Do ponto de vista jurídico, a retribuição é a prestação paga pelo empregador ao trabalhador pela actividade prestada. É uma obrigação que está consignada na relação de trabalho. São estes os vectores mais importantes acerca dos quais as preocupações com a retribuição deve incidir.

O não pagamento da retribuição acarreta consequências para o empregador que podem englobar pena de prisão, conforme o disposto no ponto 3 do artigo 324º do contrato de trabalho. (Rocha, Pimenta 2010: 44; 85; 136; 11).

A retribuição ou salário deve ter três componentes chave: são eles os seguintes: a

obrigatoriedade, pois o empregador deve pagar pelo serviço prestado. De resto, a

obrigatoriedade está bem presente na noção de contrato de trabalho que já foi acima referida.
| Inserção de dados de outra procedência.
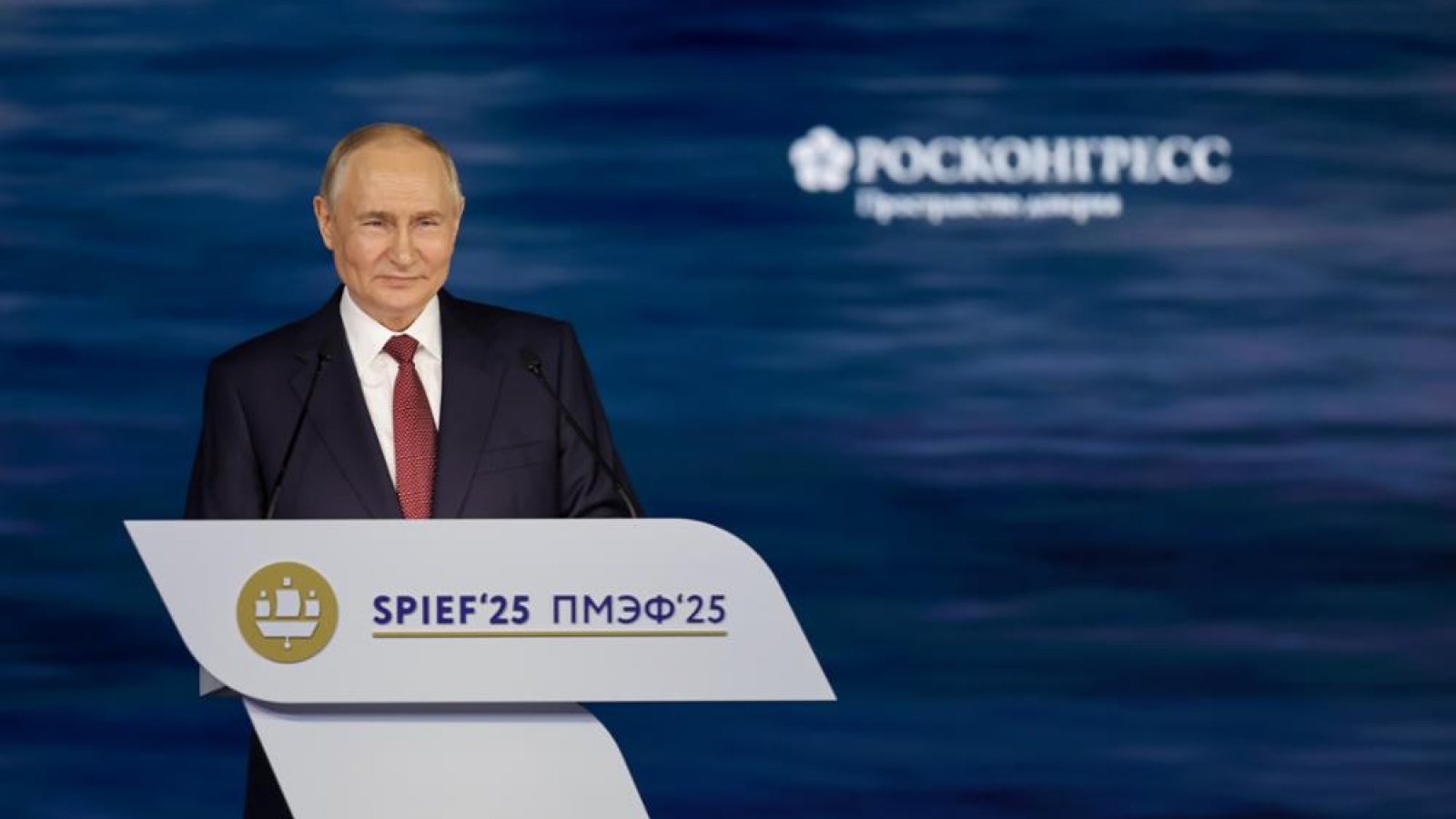 Tổng thống Putin: Ukraine đang từ chối đàm phán và triển khai sai lầm chiến lược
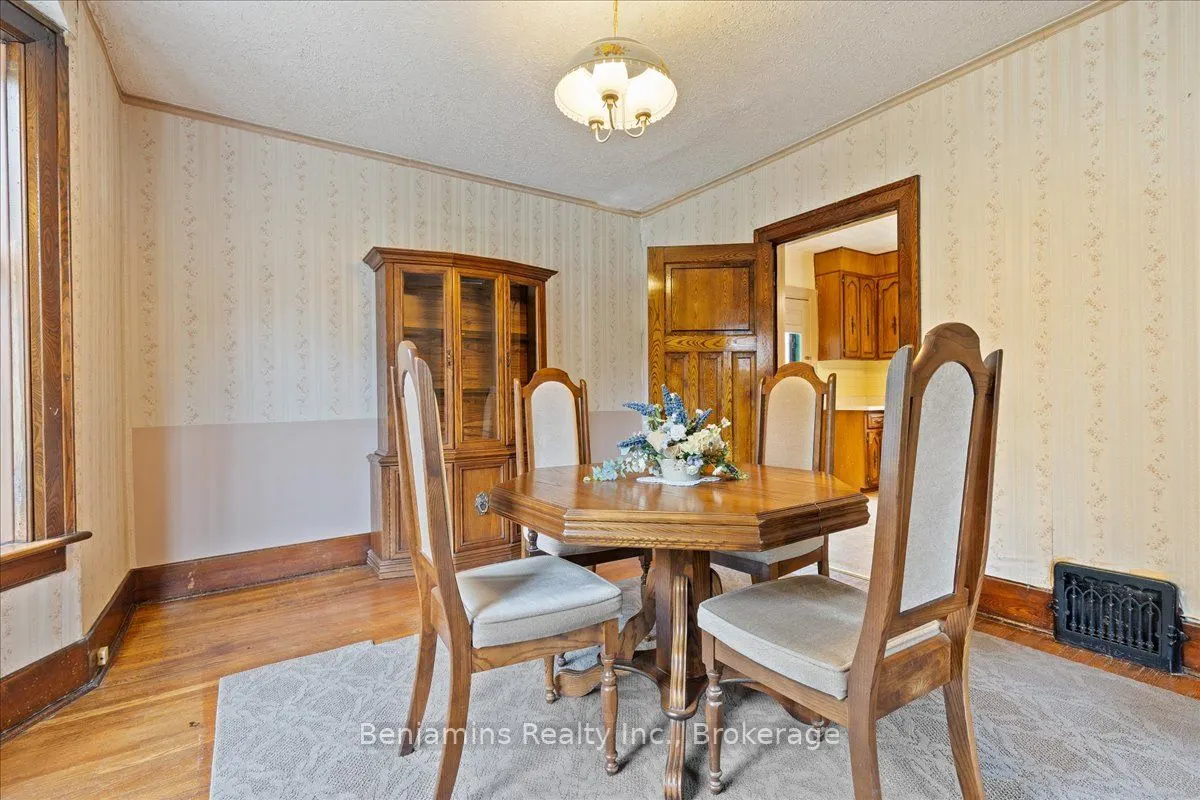 64 Lancaster Street E
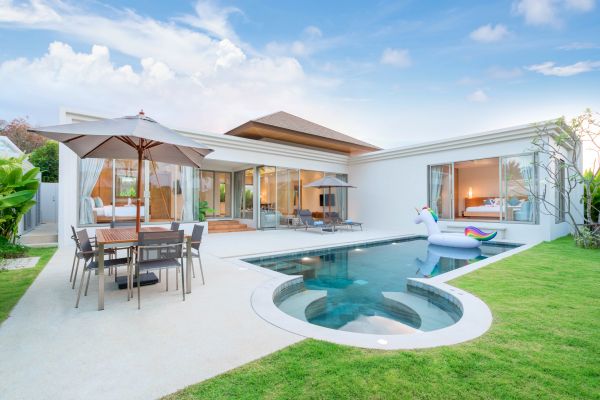 Pool Deck Pouring in Sacramento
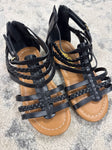 Unrated New black sandals 9 (Lil' Kid)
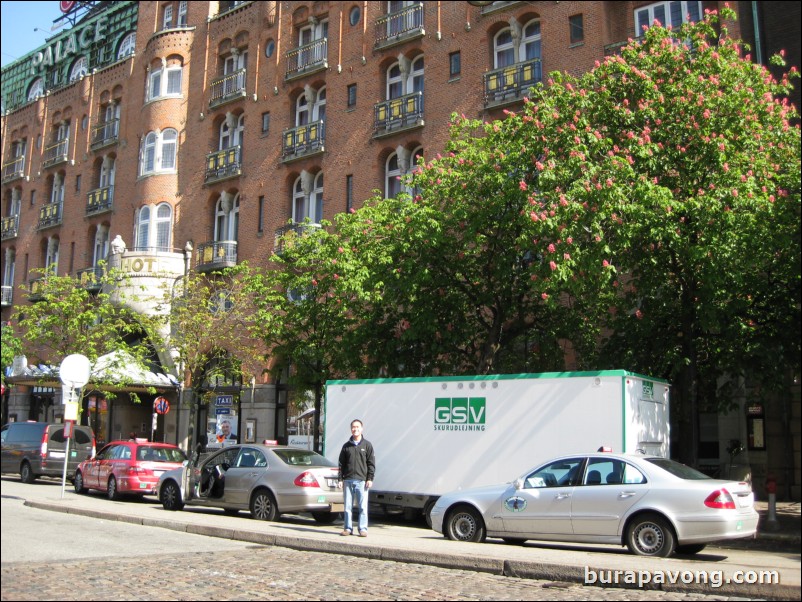 Area in between Stroget and Axeltorv.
O segundo componente é a patrimonialidade, isto é, o salário deve acrescentar valor económico à realidade do trabalhador, quanto mais não seja se for usado para adquirir património. O salário contribuirá sempre para enriquecer o património do trabalhador.

O terceiro e último parâmetro será a correspectividade ou seja, a retribuição deve ser feita se houver prestação do serviço. Deve portanto haver uma correspondência entre a retribuição e o serviço prestado. A retribuição pode ainda ser de carácter certo ou seja paga em função de um período temporal (hora, semana ou mês), variável ou o mesmo é falar, em função do rendimento como uma comissão, por exemplo, ou mista que engloba esses dois parâmetros.

Portanto resumidamente, o direito do trabalho, tanto em Portugal como fora, constitui-se como uma área que visa tentar compensar de alguma maneira a desigualdade de forças que constitui a relação de trabalho entre empregador e trabalhador. Essa desigualdade é na maior parte dos casos, desfavorável ao trabalhador, pois é este que se encontra numa posição de dependência relativamente ao empregador. Porque o trabalho ocupa uma boa parte da vida de cada um de nós, porque ele é um factor de estruturação social, porque é necessário para o homem ou para o trabalhador adquirir os bens necessários a uma boa qualidade de vida, porque isso em muitos casos só é conseguido mediante uma relação de dependência perante outrem, é essencial uma área como o direito do trabalho que, acima de tudo, fiscalize e zele pelo trabalho e seus intervenientes. (Leite, sd: 107-110).